Guy XIV fait le choix d’un personnage fictif dont le succès littéraire est avéré au-delà des frontières du royaume de France. Il parvient à faire de Ponthus un personnage historique, venu réellement faire ses pas d’armes à la fontaine. Son histoire apporte du prestige à la forêt et lui donne de la noblesse car Ponthus devient roi de Bretagne et de Galice à la fin du roman.
Faire tomber la pluie : un pouvoir du seigneur de Montfort
Guy XIV de Laval s’attribue le prodige de la fontaine de Barenton.
Chaque fois que le seigneur de Montfort vient à cette fontaine et y prendre de l’eau pour arroser et mouiller ce perron [...] il pleut au pays si abondamment que la terre et ses biens sont arrosés et en ont grand profit.
Ce pouvoir de faire tomber la pluie est à mettre en relation avec les écrits de Wace au 12e siècle. Wace, historiographe du roi Henry II Plantagenêt, écrit à sa demande une histoire des ducs de Normandie. Il compose son manuscrit en 1160 12 en langue dite « romane », d’où le titre Roman de Rou 13. Wace dit s’être rendu en Bretagne à la fontaine de « Berenton » dans la forêt de « Brecheliant ». Il est le premier à témoigner que les chasseurs ont coutume de venir puiser de l’eau à la fontaine avec leur cor et d’en mouiller le perron pour avoir de la pluie 14.

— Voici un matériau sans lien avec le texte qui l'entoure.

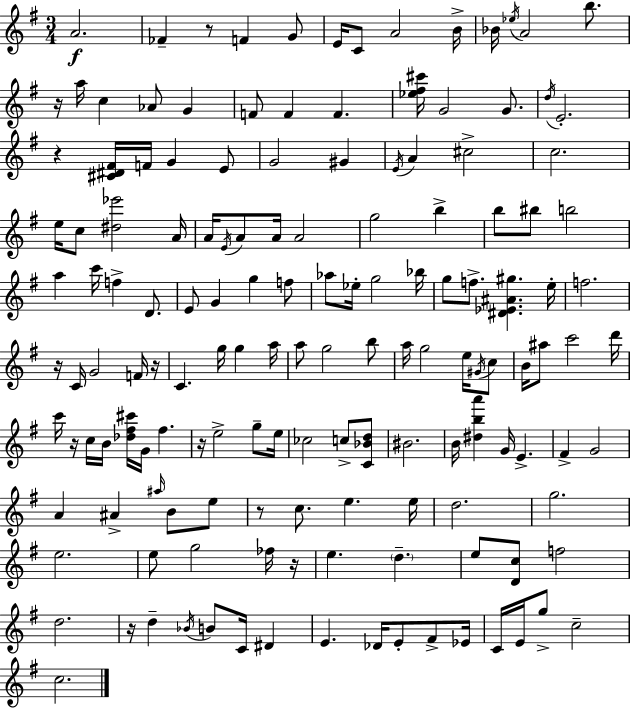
{
  \clef treble
  \numericTimeSignature
  \time 3/4
  \key g \major
  a'2.\f | fes'4-- r8 f'4 g'8 | e'16 c'8 a'2 b'16-> | bes'16 \acciaccatura { ees''16 } a'2 b''8. | \break r16 a''16 c''4 aes'8 g'4 | f'8 f'4 f'4. | <ees'' fis'' cis'''>16 g'2 g'8. | \acciaccatura { d''16 } e'2.-. | \break r4 <cis' dis' fis'>16 f'16 g'4 | e'8 g'2 gis'4 | \acciaccatura { e'16 } a'4 cis''2-> | c''2. | \break e''16 c''8 <dis'' ees'''>2 | a'16 a'16 \acciaccatura { e'16 } a'8 a'16 a'2 | g''2 | b''4-> b''8 bis''8 b''2 | \break a''4 c'''16 f''4-> | d'8. e'8 g'4 g''4 | f''8 aes''8 ees''16-. g''2 | bes''16 g''8 f''8.-> <dis' ees' ais' gis''>4. | \break e''16-. f''2. | r16 c'16 g'2 | f'16 r16 c'4. g''16 g''4 | a''16 a''8 g''2 | \break b''8 a''16 g''2 | e''16 \acciaccatura { gis'16 } c''8 b'16 ais''8 c'''2 | d'''16 c'''16 r16 c''16 b'16 <des'' fis'' cis'''>16 g'16 fis''4. | r16 e''2-> | \break g''8-- e''16 ces''2 | c''8-> <c' bes' d''>8 bis'2. | b'16 <dis'' b'' a'''>4 g'16 e'4.-> | fis'4-> g'2 | \break a'4 ais'4-> | \grace { ais''16 } b'8 e''8 r8 c''8. e''4. | e''16 d''2. | g''2. | \break e''2. | e''8 g''2 | fes''16 r16 e''4. | \parenthesize d''4.-- e''8 <d' c''>8 f''2 | \break d''2. | r16 d''4-- \acciaccatura { bes'16 } | b'8 c'16 dis'4 e'4. | des'16 e'8-. fis'8-> ees'16 c'16 e'16 g''8-> c''2-- | \break c''2. | \bar "|."
}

Il est certain que Guy XIV ne pouvait pas ignorer la littérature autour du rituel de la fontaine de Barenton. Il met donc de côté les écrits de Wace et de Chrétien de Troyes, il se perçoit comme l’héritier du pouvoir ancestral des seigneurs de Montfort. Il assure aux habitants de sa seigneurie sous sa protection que la forêt et les terres alentours seront fertiles car elles ne manqueront jamais de pluie. Il n’est pas exclu qu’il s’agisse d’une transcription qui figurait déjà dans les anciennes ordonnances du 13e siècle.
Guy XIV de Laval est le maître de la forêt parce qu’il édicte un règlement des usages qui prend source à la fois dans le profane et le sacré. C’est pourquoi le chapitre De la décoration... s’inscrit parfaitement dans la charte des Usements.
Le breil de Bellenton et Ponthus sont des éléments mal interprétés par les historiographes du 19e siècle. Cette mauvaise interprétation a introduit une confusion entre le chapitre De la décoration... et l’affaire de La préséance aux États de Bretagne. qui a cours à la même période.